[Opening RAW DATA section]

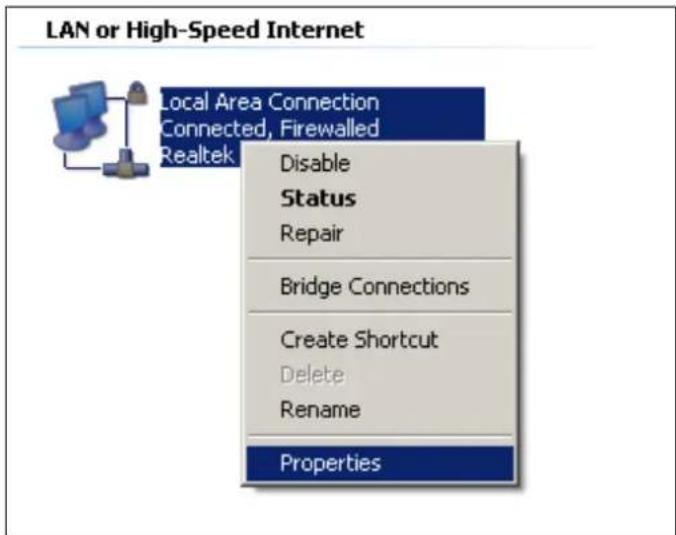 TP-LINK TL-WDR3600 - Install TCP/IP component - 1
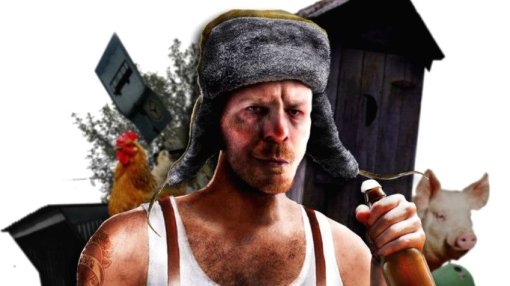 На Kickstarter собирают средства для игры о фермере-алкоголике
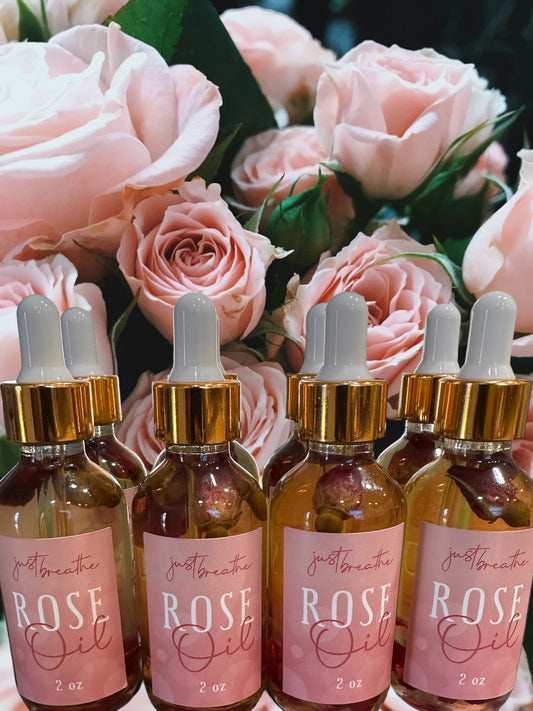 Organic Rose Radiance Oil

[Closing RAW DATA section]

▶ **AIM OF THE EXERCISE**: The whole of the data needs to be copied word for word, though not its pictures.

▶ **ANSWER BELOW**:
 TP-LINK TL-WDR3600 - Install TCP/IP component - 1
 На Kickstarter собирают средства для игры о фермере-алкоголике
 Organic Rose Radiance Oil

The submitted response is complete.